Forgotten New York

QUEENS WEST 1 GARAGE, Ravenswood

BACK in November 2021 I was furtively creeping west along 35th Avenue in Long Island City for the want of anything else to do (it was a Sunday, and both the Jets and Giants stink, I’m not watching them). 35th Avenue passes by some very interesting architecture, new and old, but not in the vicinity of 21st Street, where it’s dominated by the Ravenswood Houses, acre after acre of tall brick towers surrounded by greenery. This is something that would make French architect and critic Le Corbusier swoon with delight, but not me. (If I decided to nickname myself with “The ____________” what do you think it should be? Comments are open. Offensive stuff won’t make it past me, though.)

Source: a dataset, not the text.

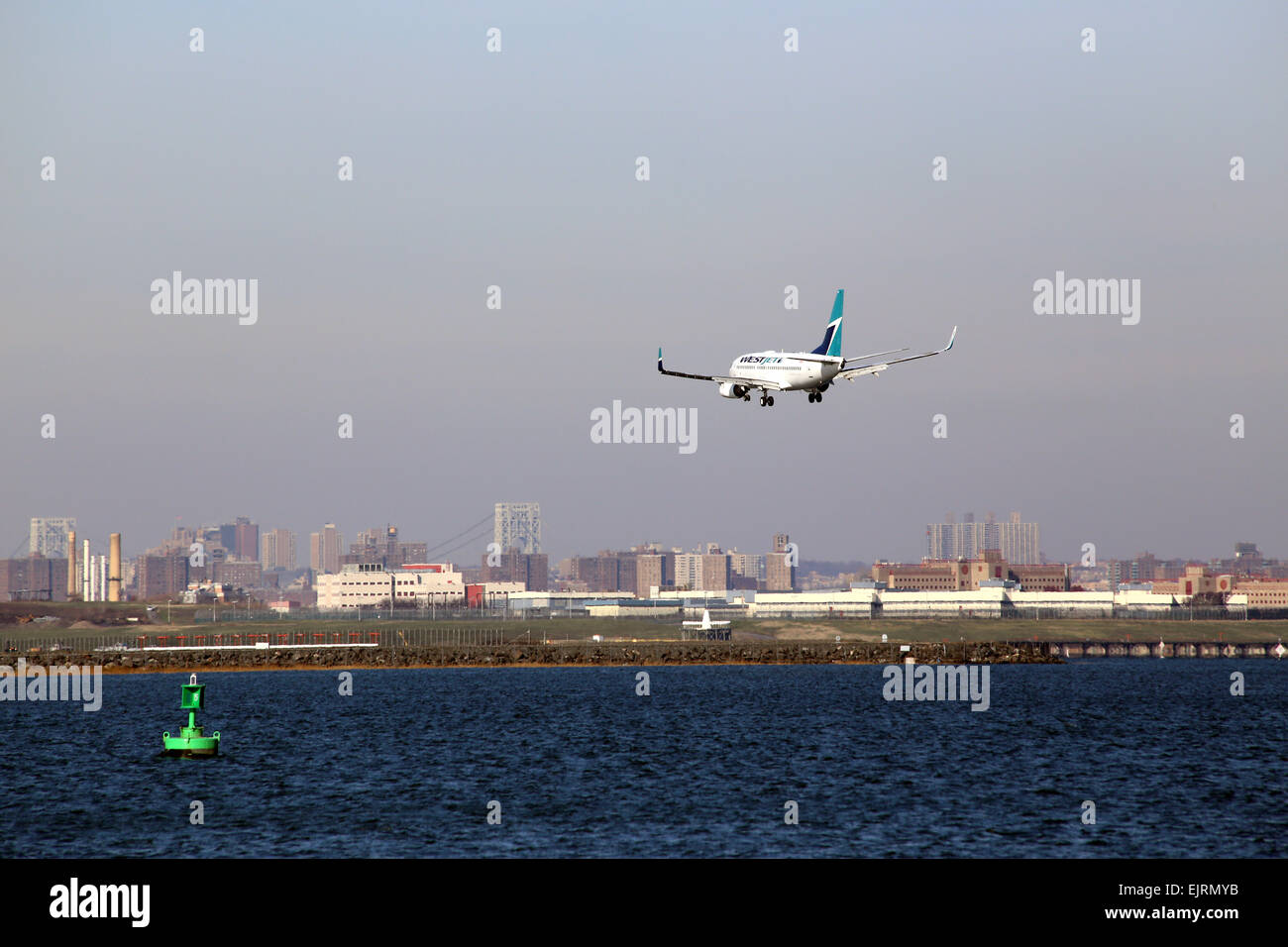 Jet on final approach to LaGuardia Airport, Queens, NY, USA Stock Photo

I was taken by this lengthy shed with a pitched roof that takes up the whole west side of 21st Street for half the block between 34th and 35th Avenues. Turns out it’s the Queens West 1 Garage, of the NYC sanitation Department. The Strongest have parked their trucks here since 1931, but after an even 80 years, new digs were found at 31-11 20th Avenue along the Con Ed complex in Astroia, and they’ll be moving there sooner or later; thus this building is probably not long for the world.

I was struck by this terra cotta sign above the main entrance, which I had to shoot on an angle because the Rhodes Scholars at DSNY put a flagpole smack in front of it. What interests me about it? The lettering is a close match for the lettering used in IND Subway stations that were being built in the 1930s, which tells me that this font, whose name I have never seen, was the go-to municipal signage font back then.

The dark sign below it indicates that this is the Frank Justich Garage, a DSNY employee who was killed on duty in 2010 when he was struck by a milk truck.